Earnings per share, also known as EPS, is crucial for day traders. Without a strong understanding of EPS, traders can find themselves wasting time and money on stocks they shouldn’t be trading. Without knowing how to calculate EPS accurately traders may end throwing money at stocks that won’t generate a payoff that’s worthwhile.
What is EPS:
Earnings Per Share is simply the amount of profit shareholders of a company earn based on how many shares they have, in other words, it’s the percentage of the net profits that are given to outstanding shares of stock.
EPS is the amount of money that shareholders make from the company on a per share basis. EPS can also help day traders understand whether a company is succeeding or not. Keeping an eye on the company’s EPS can indicate the growth rate of the company, and is a more accurate way of measuring growth than solely looking at their profits by themselves.

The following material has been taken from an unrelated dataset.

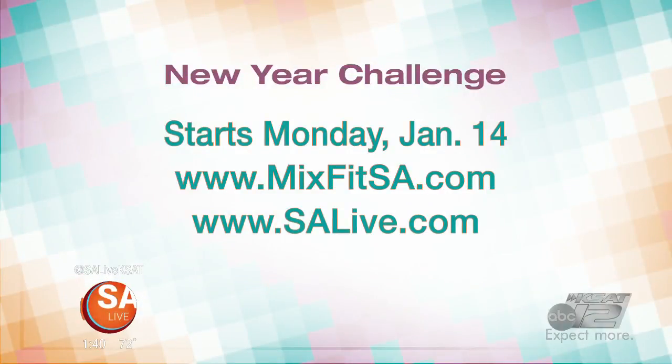Join Giselle and the entire MixFit crew for their new year challenge that starts January 14th. For more information, visit MixFitSA.com or head to EssayLive.com and click on the As Seen on EssayLive tab.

It’s common for an earnings report to be released each quarter, if the company had a profitable quarter then the EPS will be good, but if it loses money over the period then the EPS will be poor. Quarterly reports are important for the short term movement of stock, which is common sense; if the company had a bad period or two then traders will invest elsewhere.
In its most basic sense EPS is the net income divided by outstanding shares.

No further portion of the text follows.